Which brings me back to the article linked above. When players in LoL or DOTA play a ranked game at a reasonably high level, they will typically try to emulate professional play. I did not notice this same trend in ranked HoTS games in master/GM games I played.
For example, I found many players didn't understand getting value out of soaking an extra wave on BoE with a good poke/defensive comp holding 4v5 at the Immortal. It's common enough for professional solos to play a game of chicken in the top lane before rotating to the objective. To me, this seems like an obvious good move, especially if you're close to leveling, but in my experience I'd get flak from teammates if I stayed to soak an extra wave or if I told them to stay in their lane while we poke at our Immortal. I could understand complaining about the execution if I just derped and blindly farmed, but complaining about the concept of a clearly viable (and basic) strategic idea to grab an extra wave was offputting.
As the author of the article points out, the game was designed around QM as its core. It seems like the transition of ten assassins fighting to the death in mid at the start of the game to responsible, strategic play, just wasn't there. I never saw much in the way of innovation from players, which I'm sure is partly because the damage output of heroes in HoTS is comparatively lower to LoL and DOTA and partly because talent trees are not as versatile as buying items.
The small playerbase also caused me frustrations in the game. Ranked queues could feature players of wildly different skills. Whether a team has dead weight on their premade or matchmaking is slow in solo queue and gives you some bricks and some good players, it's never fun to lose playing a 4v5, and it isn't very satisfying to win a 5v4 when the enemy team gets the brick. This seemed to be an issue early in LoL as well (though it was more a disparity in skill, not rating), but was much more frustrating in HoTS.

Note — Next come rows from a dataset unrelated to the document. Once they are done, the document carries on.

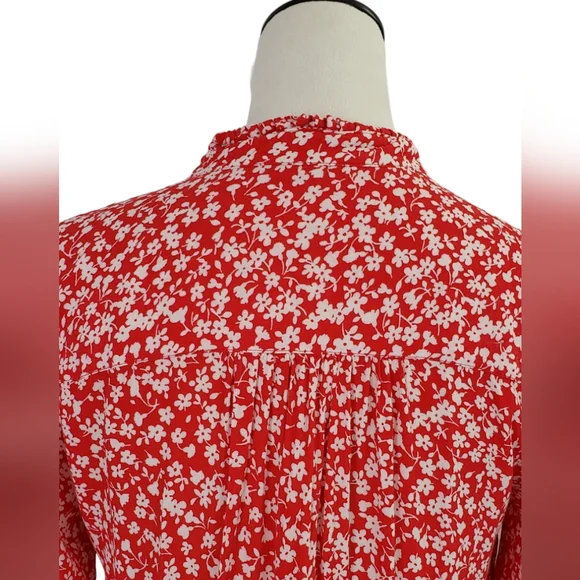 J. Crew Floral Button Front Tiered Shirtdress Tossed Bouquet Cottagecore - Picture 7 of 13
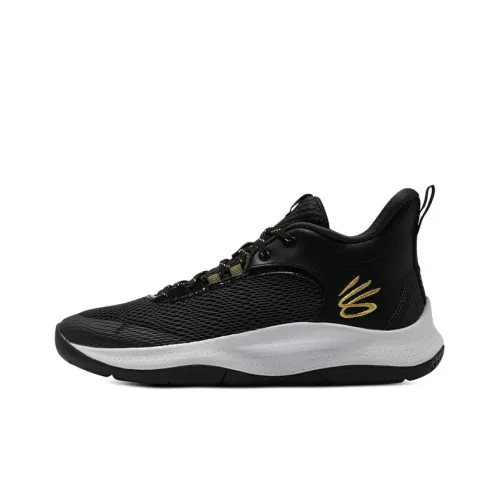 Under Armour Curry 3Z6 Амортизирующие Унисекс Противоскользящие Устойчивые к истиранию Низкий Топ Баскетбольные кроссовки Черный Белый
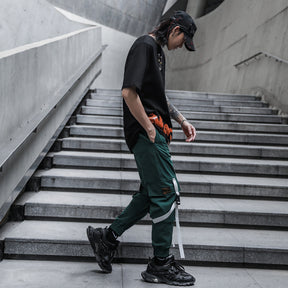 Men's Hip Hop Dark Loose Web Cargo Pants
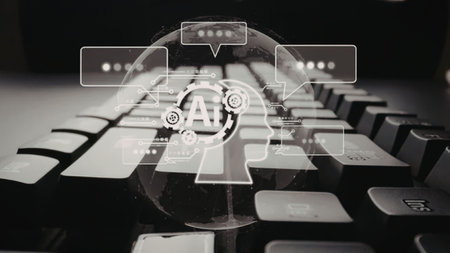 Artificial intelligence symbol overlaid on a keyboard surrounded by futuristic interface elements...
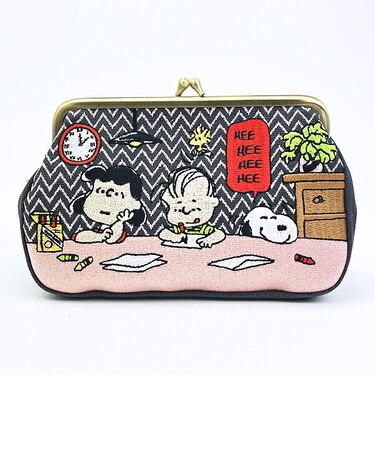 スヌーピー 畳刺繍ペンポーチ がま口 NLC フレンズ ペンケース SNOOPY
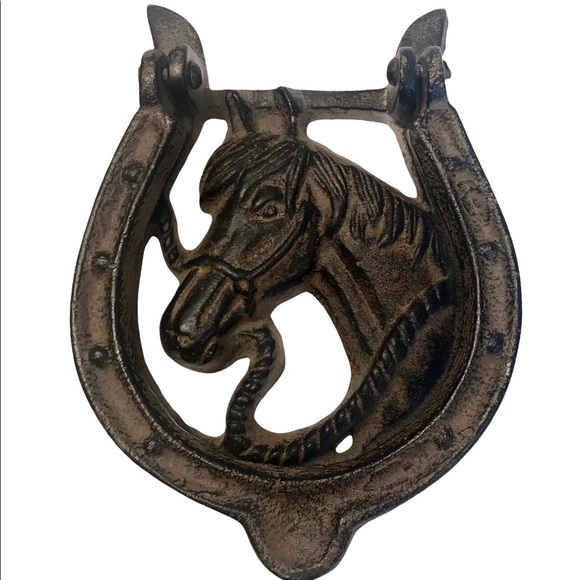Cast Iron Western Horse Door Knocker - Picture 3 of 4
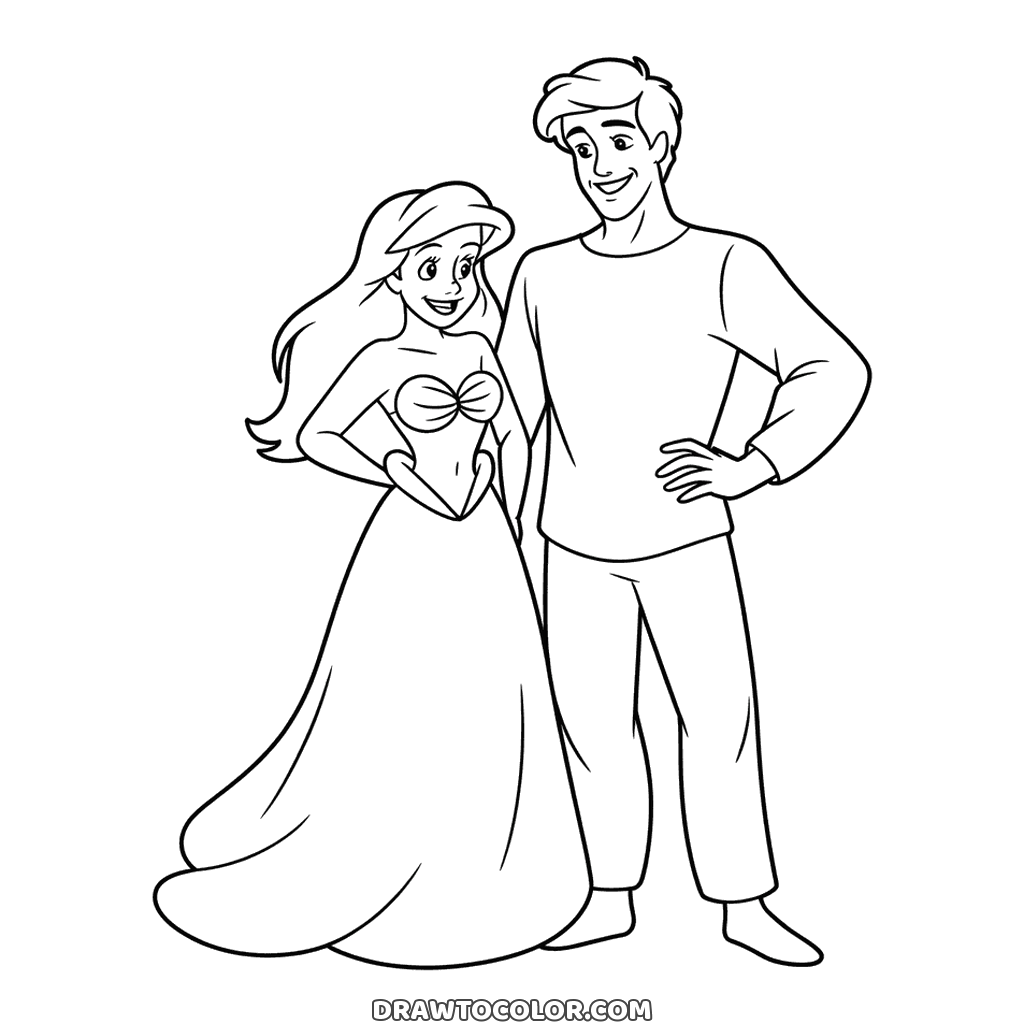 Prince Eric with a hand on his hip next to Ariel in a long flowing gown, a Little Mermaid coloring sheet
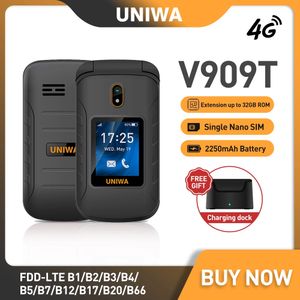 Original UNIWA V909T 4G Flip Phone Radio FM Grand Clavier Téléphone Portable à Clapet Débloqué Grand Bouton-Poussoir Double Écran Téléphone Mobile Pour Personnes Âgées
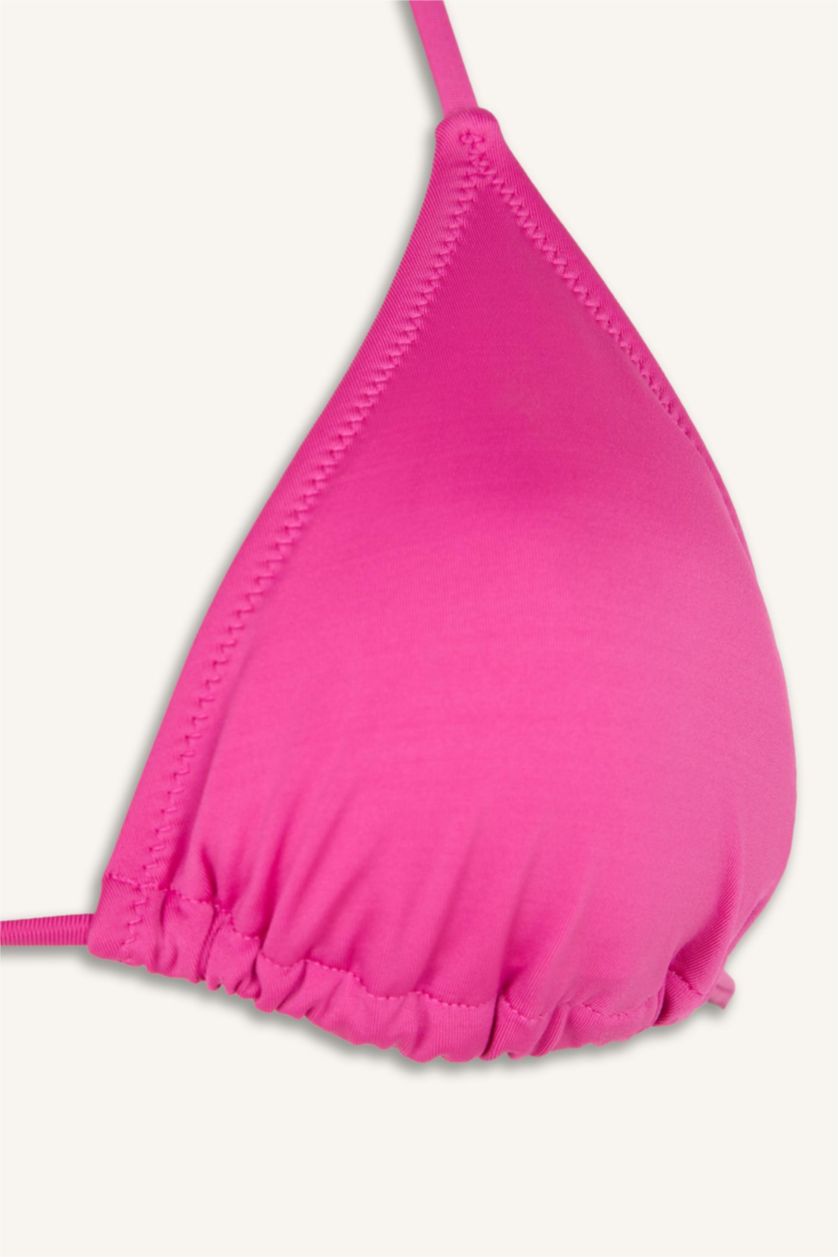 Woman Fushsia Triangle Bikini Top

A related issue is how hard it can be to carry a game of HoTS when you're teammates have flubbed the early game. Even if your teammates are decent players and just caught rough breaks early, your two kills in a solo lane probably won't snowball you into showing up at an objective and doing fed carry things. In addition, the outplay potential a single character has against several characters is comparatively low in the context of other MOBA's. To a competitive player it's frustrating to feel like you have (compared to alternative MOBA's) less control converting your great game into a win.
It's not like any of these things are singly damning about HoTS; and indeed there are a lot of great parts of the game: having multiple maps to play is refreshing, shared experience is interesting, and constant objective fights can create intriguing dynamics. But in order for a casual game to be fun over a long period of time for a wide audience, it needs high-level, innovative play to trickle down through the ranks. If it doesn't, competitive players become frustrated and leave for a more reliable experience elsewhere. When people who can pass the knowledge of competitive plays down to lower ranked players leave, the tools to make the game novel and enjoyable diminish. And when those tools disappear, viewership (people who are entertained and/or people who want to get better) declines and it makes it hard for Blizzard to justify paying every player's salary and footing the bill for all the tournaments.